Sami Yusuf Keynote speaker at DIHAD2012
I would like to thank DIHAD for inviting me to be a part to this prestigious event that has gained respect and support over the years through its monumentaal efforts and commendable achievements…
2 April 2012
Distinguished guests, members of the humanitarian community,
Ladies and gentlemen,
I would like to thank DIHAD for inviting me to be a part to this prestigious event that has gained respect and support over the years through its monumental efforts and commendable achievements. I would also like to thank the United Nations World Food Programme for lending their unwavering support to our joint initiative called LiveFeed. Together we have and we continue to highlight the plight of the drought-hit populations in the Horn of Africa as we continue our fight against hunger.
I can’t tell you how much admiration I have for what you do, as aid workers and facilitators, and how much I can relate to the hope and passion most of you nurture through their daily jobs. It is not only a must for anyone with a little bit of conscious and concern, but also such a thrill, such a blessing, to have the ability to make a difference in the lives of those in need. And the good news is that this opportunity is offered to each and every one of us, at our respective levels. It just feels so good and so right to care, as one people sharing the same, simple aspiration of a safe and happy future. As an artist, I have always strived to utilize my music and reach to open minds, open hearts and ultimately serve humanitarian causes in a universal spirit of responsibility and solidarity. I am a dreamer.
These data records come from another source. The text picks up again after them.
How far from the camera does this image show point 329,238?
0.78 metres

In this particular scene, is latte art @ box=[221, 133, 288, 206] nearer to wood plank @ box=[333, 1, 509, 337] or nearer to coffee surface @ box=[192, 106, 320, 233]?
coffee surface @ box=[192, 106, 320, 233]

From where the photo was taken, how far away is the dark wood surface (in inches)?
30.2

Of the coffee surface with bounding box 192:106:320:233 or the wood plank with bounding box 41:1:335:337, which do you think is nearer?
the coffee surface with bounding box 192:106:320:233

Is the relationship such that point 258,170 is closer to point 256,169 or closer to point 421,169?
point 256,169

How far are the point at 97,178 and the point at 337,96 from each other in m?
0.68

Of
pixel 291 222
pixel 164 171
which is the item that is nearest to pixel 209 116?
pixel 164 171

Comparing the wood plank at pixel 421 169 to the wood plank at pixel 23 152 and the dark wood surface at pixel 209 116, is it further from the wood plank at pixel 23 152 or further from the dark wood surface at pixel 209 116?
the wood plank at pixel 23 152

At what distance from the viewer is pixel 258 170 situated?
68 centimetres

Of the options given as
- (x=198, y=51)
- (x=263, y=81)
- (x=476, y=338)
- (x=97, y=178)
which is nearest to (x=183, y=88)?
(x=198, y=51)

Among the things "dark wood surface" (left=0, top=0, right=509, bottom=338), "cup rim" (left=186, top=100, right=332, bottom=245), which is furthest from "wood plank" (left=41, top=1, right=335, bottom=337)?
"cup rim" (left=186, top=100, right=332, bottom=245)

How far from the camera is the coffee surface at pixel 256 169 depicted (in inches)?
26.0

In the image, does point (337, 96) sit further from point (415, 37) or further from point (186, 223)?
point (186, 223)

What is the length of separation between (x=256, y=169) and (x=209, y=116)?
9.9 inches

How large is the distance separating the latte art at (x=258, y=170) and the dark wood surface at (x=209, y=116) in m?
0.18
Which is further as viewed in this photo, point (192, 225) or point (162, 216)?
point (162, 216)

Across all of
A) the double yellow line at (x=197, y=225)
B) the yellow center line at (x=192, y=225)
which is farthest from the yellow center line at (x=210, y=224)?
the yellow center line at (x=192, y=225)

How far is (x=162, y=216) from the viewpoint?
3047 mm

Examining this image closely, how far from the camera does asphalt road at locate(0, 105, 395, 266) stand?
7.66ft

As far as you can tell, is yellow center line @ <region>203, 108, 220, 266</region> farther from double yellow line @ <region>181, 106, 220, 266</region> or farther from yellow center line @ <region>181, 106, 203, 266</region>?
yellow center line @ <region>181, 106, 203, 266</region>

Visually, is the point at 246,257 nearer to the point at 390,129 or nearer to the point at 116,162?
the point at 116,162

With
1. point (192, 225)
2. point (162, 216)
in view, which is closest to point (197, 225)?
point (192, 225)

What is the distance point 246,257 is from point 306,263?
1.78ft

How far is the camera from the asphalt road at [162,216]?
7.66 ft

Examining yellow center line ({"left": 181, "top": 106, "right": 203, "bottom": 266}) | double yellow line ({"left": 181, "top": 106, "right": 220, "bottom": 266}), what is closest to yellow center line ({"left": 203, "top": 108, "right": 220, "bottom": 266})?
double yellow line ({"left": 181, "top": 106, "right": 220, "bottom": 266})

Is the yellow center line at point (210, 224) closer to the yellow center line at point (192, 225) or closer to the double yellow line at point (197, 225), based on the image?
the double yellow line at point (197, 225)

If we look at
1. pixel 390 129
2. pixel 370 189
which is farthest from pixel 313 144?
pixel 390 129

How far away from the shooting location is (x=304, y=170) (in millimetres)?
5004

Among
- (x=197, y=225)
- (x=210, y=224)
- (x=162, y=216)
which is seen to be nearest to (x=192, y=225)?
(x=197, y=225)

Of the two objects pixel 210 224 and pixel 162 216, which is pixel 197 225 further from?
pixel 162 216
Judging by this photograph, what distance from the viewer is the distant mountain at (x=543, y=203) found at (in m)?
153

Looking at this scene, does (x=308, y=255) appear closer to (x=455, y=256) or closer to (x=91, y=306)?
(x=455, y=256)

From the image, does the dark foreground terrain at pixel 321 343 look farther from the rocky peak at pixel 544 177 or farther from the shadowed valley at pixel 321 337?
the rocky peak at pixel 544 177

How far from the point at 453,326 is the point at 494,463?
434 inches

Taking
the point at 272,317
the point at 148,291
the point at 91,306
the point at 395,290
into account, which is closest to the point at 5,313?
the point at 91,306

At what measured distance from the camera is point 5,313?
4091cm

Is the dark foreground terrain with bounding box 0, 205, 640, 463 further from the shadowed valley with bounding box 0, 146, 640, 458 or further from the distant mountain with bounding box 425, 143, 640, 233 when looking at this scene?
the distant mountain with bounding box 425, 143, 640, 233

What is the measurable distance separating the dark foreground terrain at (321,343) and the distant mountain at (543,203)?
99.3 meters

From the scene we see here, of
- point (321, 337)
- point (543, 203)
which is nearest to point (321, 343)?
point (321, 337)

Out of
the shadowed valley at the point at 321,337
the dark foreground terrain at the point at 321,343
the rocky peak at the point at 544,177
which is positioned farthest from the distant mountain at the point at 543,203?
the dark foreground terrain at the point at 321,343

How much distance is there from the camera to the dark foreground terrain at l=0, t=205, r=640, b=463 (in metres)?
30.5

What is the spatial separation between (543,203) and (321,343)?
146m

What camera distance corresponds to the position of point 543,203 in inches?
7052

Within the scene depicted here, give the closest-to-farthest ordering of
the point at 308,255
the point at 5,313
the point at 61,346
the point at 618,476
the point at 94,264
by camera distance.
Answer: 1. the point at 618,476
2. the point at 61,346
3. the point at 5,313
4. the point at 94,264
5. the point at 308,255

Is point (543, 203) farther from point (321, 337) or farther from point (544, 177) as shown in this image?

I dream of a word free of poverty and hunger, and the more I invest time and engage people in this dream, the more I learn and realize, through my work with WFP, that solutions exist and that my dream could actually become reality. “Hunger is the world’s biggest solvable problem” and we can all do something about it, be part of the solution, whoever and wherever we are.
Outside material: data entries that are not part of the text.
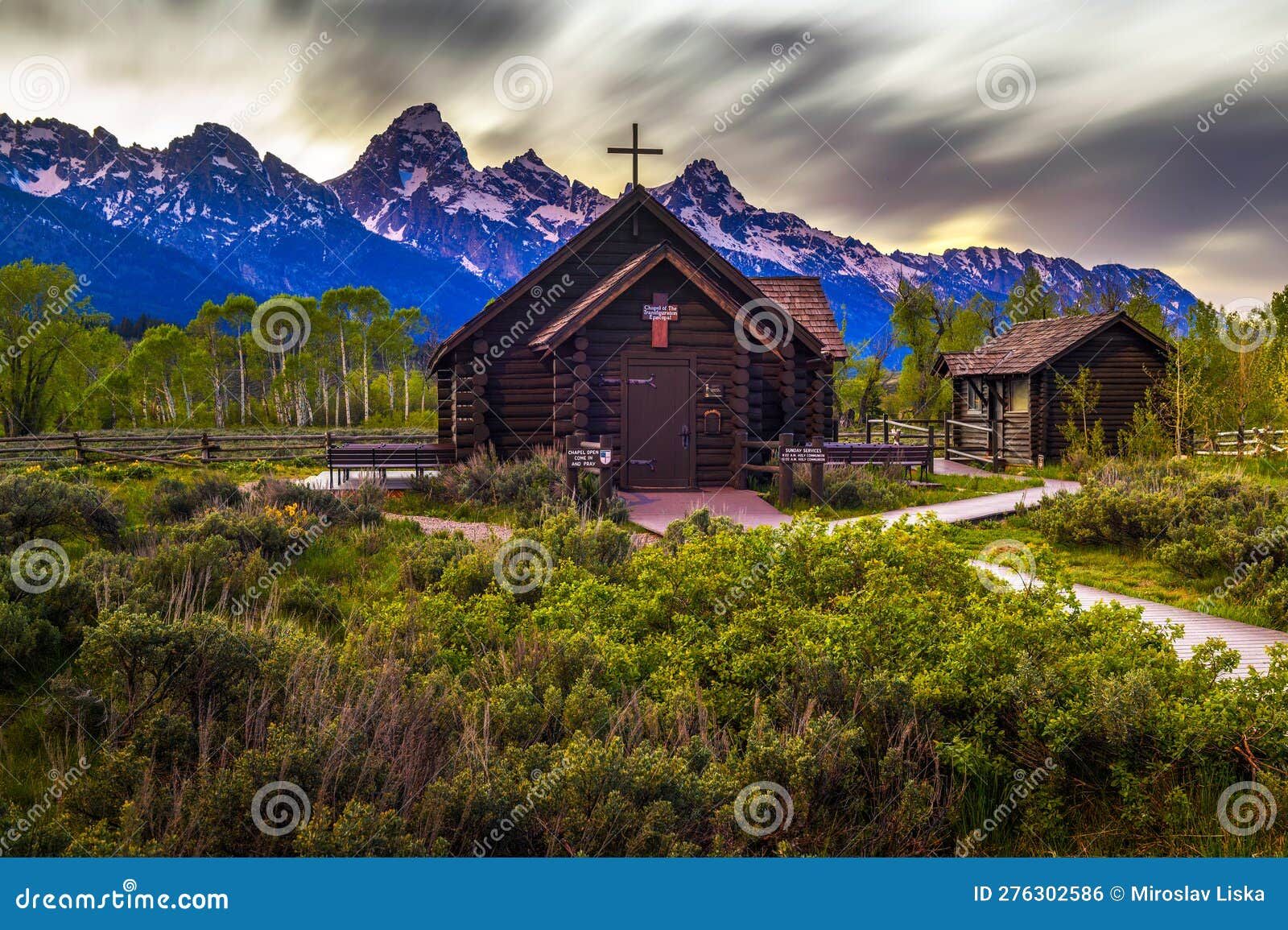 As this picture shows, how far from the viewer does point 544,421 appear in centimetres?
1934

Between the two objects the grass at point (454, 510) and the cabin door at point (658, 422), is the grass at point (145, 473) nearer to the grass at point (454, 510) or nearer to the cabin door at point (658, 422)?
the grass at point (454, 510)

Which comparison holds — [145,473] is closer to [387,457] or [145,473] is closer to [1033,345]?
[387,457]

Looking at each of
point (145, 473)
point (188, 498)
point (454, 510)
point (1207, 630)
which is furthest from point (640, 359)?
point (145, 473)

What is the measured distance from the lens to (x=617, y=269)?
19.3m

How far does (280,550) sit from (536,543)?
3.76 metres

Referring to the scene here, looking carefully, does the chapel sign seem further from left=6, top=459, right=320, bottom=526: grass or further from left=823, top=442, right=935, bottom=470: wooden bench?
left=6, top=459, right=320, bottom=526: grass

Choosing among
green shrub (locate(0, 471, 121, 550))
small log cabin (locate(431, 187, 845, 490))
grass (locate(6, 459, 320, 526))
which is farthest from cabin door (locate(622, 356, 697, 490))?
green shrub (locate(0, 471, 121, 550))

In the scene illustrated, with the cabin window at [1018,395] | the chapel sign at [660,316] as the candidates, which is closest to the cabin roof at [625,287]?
the chapel sign at [660,316]

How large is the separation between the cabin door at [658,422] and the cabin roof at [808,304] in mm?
3893

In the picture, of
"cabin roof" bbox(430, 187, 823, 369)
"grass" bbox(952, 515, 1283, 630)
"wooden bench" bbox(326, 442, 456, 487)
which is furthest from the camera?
"wooden bench" bbox(326, 442, 456, 487)

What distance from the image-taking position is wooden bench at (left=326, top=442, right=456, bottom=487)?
20.0 m

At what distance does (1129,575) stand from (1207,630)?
2990 millimetres

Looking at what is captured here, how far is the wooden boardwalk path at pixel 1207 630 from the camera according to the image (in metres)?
6.68

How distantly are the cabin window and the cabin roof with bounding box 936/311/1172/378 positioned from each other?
67 cm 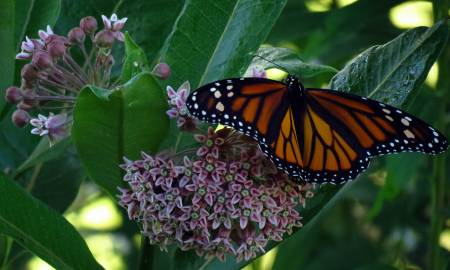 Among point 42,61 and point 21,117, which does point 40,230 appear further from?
point 42,61

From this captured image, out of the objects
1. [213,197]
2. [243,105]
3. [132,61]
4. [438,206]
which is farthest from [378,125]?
[438,206]

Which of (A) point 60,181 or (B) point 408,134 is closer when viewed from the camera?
(B) point 408,134

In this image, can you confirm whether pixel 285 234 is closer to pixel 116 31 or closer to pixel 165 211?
pixel 165 211

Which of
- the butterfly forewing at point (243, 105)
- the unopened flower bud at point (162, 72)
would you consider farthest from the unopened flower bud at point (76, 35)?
the butterfly forewing at point (243, 105)

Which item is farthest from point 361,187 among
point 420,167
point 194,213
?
point 194,213

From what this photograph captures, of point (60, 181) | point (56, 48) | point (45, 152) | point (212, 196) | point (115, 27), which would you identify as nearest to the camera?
point (212, 196)

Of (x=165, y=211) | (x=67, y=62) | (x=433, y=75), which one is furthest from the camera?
(x=433, y=75)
The theme of this event is especially attractive to me because I am a firm believer in the fact that you, today’s youth, will carry the torch of hope into tomorrow. “The role and importance of youth in humanitarian assistance and development activities” is imperative; it’s vital.
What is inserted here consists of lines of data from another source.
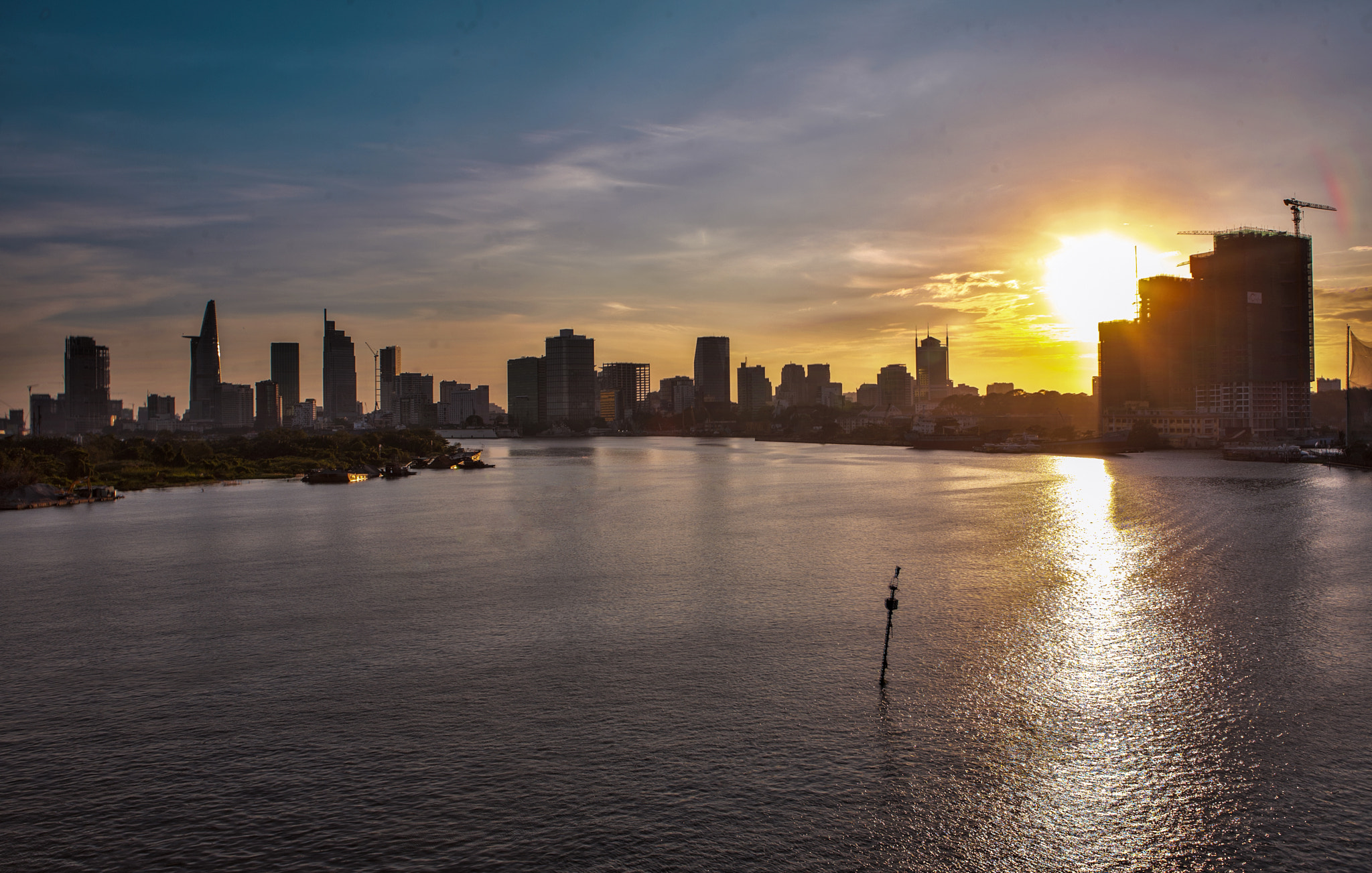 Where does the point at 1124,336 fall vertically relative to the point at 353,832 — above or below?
above

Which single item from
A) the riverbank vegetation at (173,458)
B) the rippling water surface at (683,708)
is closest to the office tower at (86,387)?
the riverbank vegetation at (173,458)

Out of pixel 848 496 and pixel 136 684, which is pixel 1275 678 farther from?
pixel 848 496

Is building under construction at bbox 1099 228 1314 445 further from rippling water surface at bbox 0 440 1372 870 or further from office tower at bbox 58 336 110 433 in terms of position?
office tower at bbox 58 336 110 433

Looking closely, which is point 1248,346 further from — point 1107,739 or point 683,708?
point 683,708

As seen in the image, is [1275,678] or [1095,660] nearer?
[1275,678]

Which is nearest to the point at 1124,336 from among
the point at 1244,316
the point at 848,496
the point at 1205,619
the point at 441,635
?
the point at 1244,316

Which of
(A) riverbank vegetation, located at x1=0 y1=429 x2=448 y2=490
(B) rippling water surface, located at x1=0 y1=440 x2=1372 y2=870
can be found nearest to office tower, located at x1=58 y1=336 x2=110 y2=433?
(A) riverbank vegetation, located at x1=0 y1=429 x2=448 y2=490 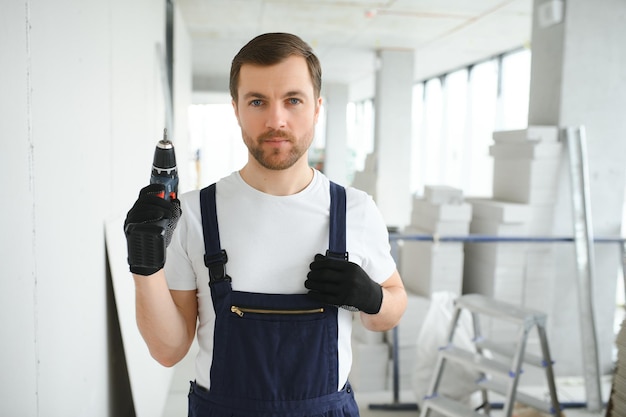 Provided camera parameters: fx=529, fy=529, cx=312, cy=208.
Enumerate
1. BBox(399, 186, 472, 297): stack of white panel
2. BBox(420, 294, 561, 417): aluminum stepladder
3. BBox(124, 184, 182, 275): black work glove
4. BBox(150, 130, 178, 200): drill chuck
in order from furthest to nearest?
BBox(399, 186, 472, 297): stack of white panel → BBox(420, 294, 561, 417): aluminum stepladder → BBox(150, 130, 178, 200): drill chuck → BBox(124, 184, 182, 275): black work glove

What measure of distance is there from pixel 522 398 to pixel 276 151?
231 cm

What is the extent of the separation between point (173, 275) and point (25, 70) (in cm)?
59

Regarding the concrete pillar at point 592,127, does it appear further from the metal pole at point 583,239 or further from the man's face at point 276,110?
the man's face at point 276,110

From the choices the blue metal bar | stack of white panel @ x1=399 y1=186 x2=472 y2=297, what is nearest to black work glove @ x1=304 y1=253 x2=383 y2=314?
the blue metal bar

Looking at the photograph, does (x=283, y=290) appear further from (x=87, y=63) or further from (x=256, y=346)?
(x=87, y=63)

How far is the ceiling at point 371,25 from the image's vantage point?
18.0 feet

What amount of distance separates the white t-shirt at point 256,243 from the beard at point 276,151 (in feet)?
0.30

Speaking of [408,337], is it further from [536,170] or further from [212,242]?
[212,242]

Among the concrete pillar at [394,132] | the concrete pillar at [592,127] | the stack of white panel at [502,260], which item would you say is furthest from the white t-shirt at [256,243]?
the concrete pillar at [394,132]

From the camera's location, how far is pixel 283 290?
1.18m

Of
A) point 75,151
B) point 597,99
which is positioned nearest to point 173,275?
point 75,151

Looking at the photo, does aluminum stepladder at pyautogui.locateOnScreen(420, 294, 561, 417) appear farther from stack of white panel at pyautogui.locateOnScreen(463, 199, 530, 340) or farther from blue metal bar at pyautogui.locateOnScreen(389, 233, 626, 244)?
stack of white panel at pyautogui.locateOnScreen(463, 199, 530, 340)

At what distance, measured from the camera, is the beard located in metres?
1.15

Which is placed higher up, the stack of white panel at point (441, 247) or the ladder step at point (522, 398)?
the stack of white panel at point (441, 247) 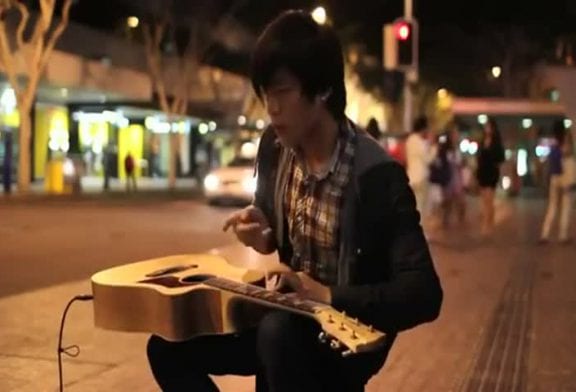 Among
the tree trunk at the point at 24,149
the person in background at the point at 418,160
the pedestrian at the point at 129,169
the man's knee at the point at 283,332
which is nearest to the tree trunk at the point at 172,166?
the pedestrian at the point at 129,169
I urge you, youth, to use your creativity. Be ambitious. Innovate. You do not need to be old or rich or in the field to make a difference. You just need to utilize the gifts you have and put them into action.
When I saw the painful images that emerged from the Horn of Africa and Somalia I was so moved and knew I had to do something. That’s when I wrote my single “Forgotten Promises” and launched the LiveFeed campaign with WFP. Knowing that millions of people are unable to acquire the food that they need, that mothers and children are going to sleep hungry, and that with a different turn of fate it could be me and my family in those pictures I felt the need and the duty to do take action. All proceeds from “Forgotten Promises” go directly to WFP to feed hungry people in Somalia and the Horn of Africa. With each song downloaded and each album purchased, you provide direct food assistance to at least 2 people suffering from hunger. That’s why LiveFeed appeals to me; because it is tangible, creative, and effective.
As part of the human family, as global citizens, we have a moral and social responsibility to help one another. Youth can engage in campaigns like LiveFeed through social media, Facebook and Twitter, through campaigns at your schools and universities, or simply by word of mouth.
You can and must start your own initiatives. You don’t need an advertising agency and a media budget to spread your message and mobilize people against hunger. Seek knowledge about humanitarian issues like hunger from WFP’s website, share it, and fundraise. The solutions to humanitarian issues need money to be implemented, so your ultimate objective should always be to encourage people to donate whatever they can. As little as 50 U.S. cents can enable the World Food Programme to feed one person for one day in the Horn of Africa. It costs US$50 to feed a schoolgirl for one whole year; similar to the cost of one iPod shuffle (US$45).
Too many people simply don’t know that 1 in 7 people goes to bed hungry each night, or that every 6 seconds a child dies from hunger. The good news though is that hunger is the world’s greatest solvable problem and that people like me and you can make these facts known. Together, we can fight hunger worldwide.
A world free of hunger is possible. If we all join forces, we can make it happen.